ETFs share additional aspects of stocks' trading flexibility. You can place limit and stop orders, sell short, and buy on margin. Further, many large brokers have eliminated commissions to buy and sell ETFs. In 2010, Vanguard Brokerage Services began selling Vanguard ETFs® commission-free.

Setting the record straight about ETFs

Along with the rapid growth of ETFs has come a growing list of misconceptions. We address two common ones below:

Myth: ETFs are used only by speculators and frequent traders.

Fact: Long-term investors can use ETFs in much the same way they use traditional mutual fund shares. If you don't intend to trade frequently, the lower expense ratios typically associated with ETFs may be their primary attraction. ETFs can also help you carry out sophisticated asset allocation, tax optimization, and diversification strategies, though you may find that your needs are adequately served by traditional fund shares.

Myth: ETFs cause market volatility.

Fact: Some observers blamed the August 2011 spike in stock market volatility on ETFs and the perception that they lead to frequent trading. Vanguard believes that this volatility was largely the result of economic and political factors such as the Eurozone debt crisis, an uncertain global economic outlook, political infighting in Washington, D.C., and the August downgrade of U.S. Treasury bonds.

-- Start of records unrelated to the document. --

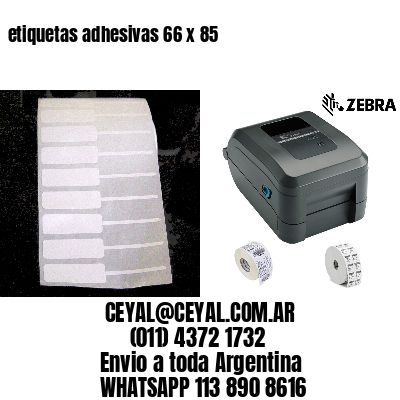 etiquetas adhesivas 66 x 85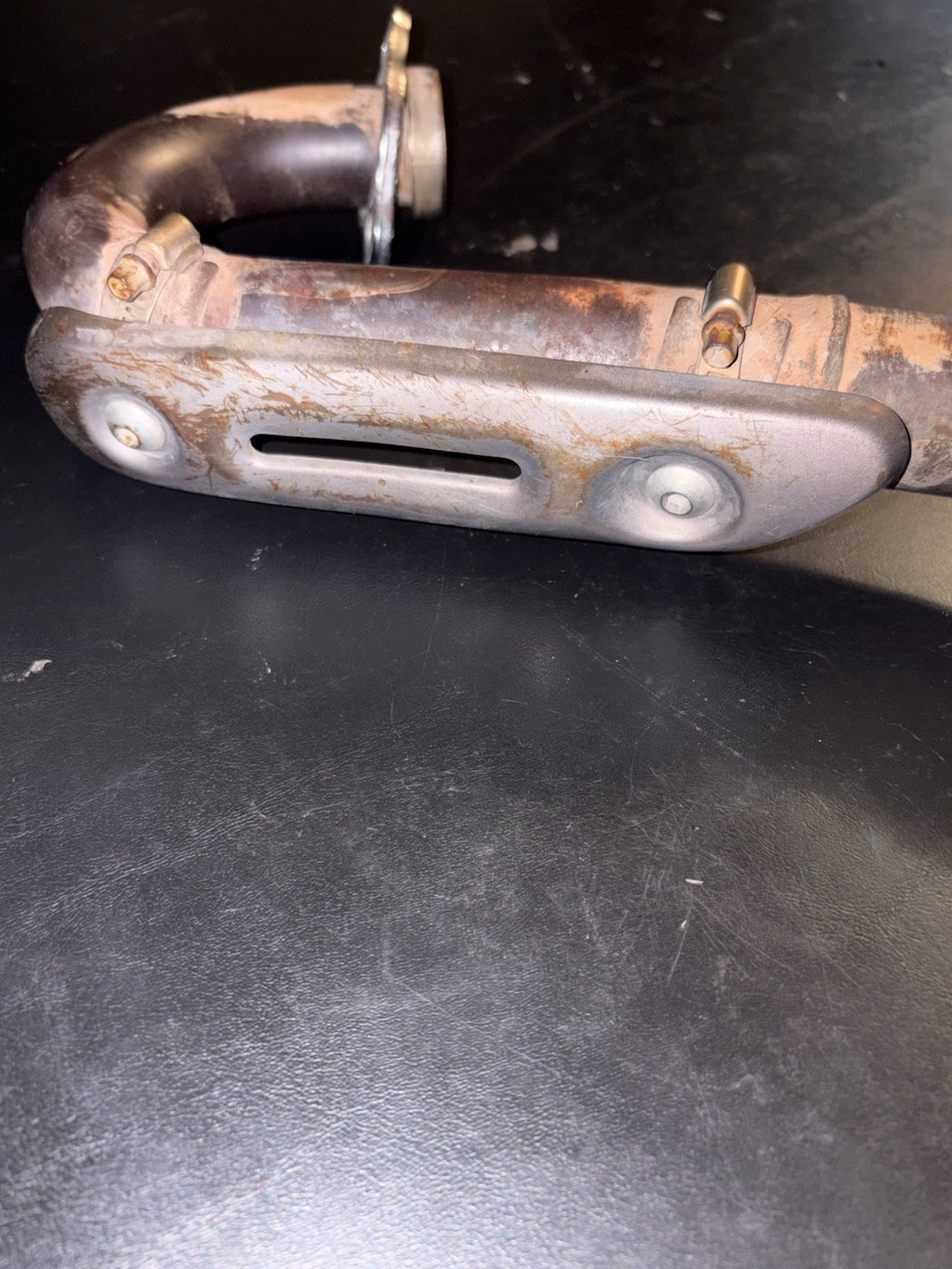 2006 - 2009 Honda Crf250r OEM Head Header Exhaust Pipe Heat Sheild Manifold
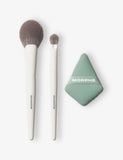 Morphe Conceal and Set Tool Trio makeup brush set, UK version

It's worth noting that ETFs have been an important part of the investment marketplace for more than a decade, and Vanguard research shows that for most of this period the U.S. stock market was fairly calm by historical standards. 


  • All investing is subject to risk.
  • Diversification does not ensure a profit or protect against a loss in a declining market.
  • Vanguard ETF Shares are not redeemable with the issuing Fund other than in Creation Unit aggregations. Instead, investors must buy or sell Vanguard ETF Shares in the secondary market with the assistance of a stockbroker. In doing so, the investor may incur brokerage commissions and may pay more than net asset value when buying and receive less than net asset value when selling.